DATA SECTION:
'''
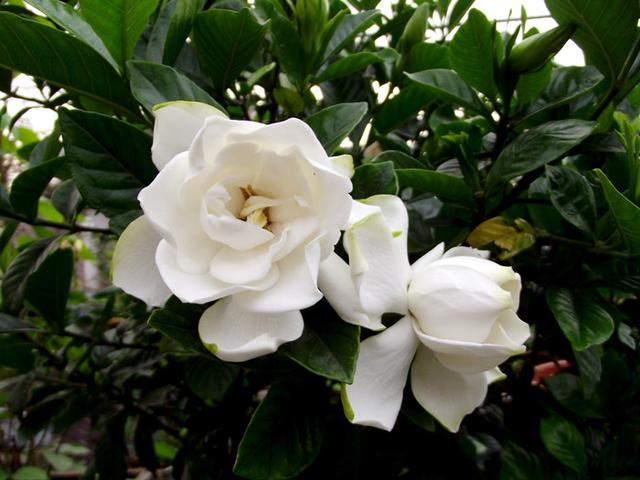 开春了，栀子花盆栽新芽发黄长得很慢怎么办？注意小虫危害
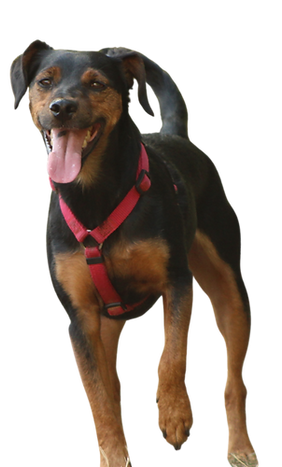 Alice au Pays Canin éducateur comportementaliste canin Calvados.png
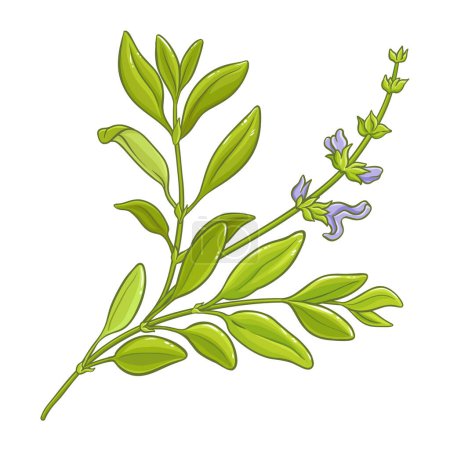 Planta de salvia con flores y hojas de color Ilustración detallada. Vector aislado para diseño o decoración.
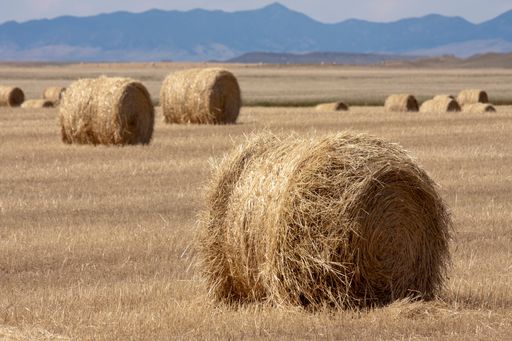 A close-up of straw stack in field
'''
THE TASK: The expected output is an exact retyping of the lines from the line with "Alice au Pays" through the last line of the data, with both ends kept and the pictures dropped.

COMPLETED EXERCISE:
 Alice au Pays Canin éducateur comportementaliste canin Calvados.png
 Planta de salvia con flores y hojas de color Ilustración detallada. Vector aislado para diseño o decoración.
 A close-up of straw stack in field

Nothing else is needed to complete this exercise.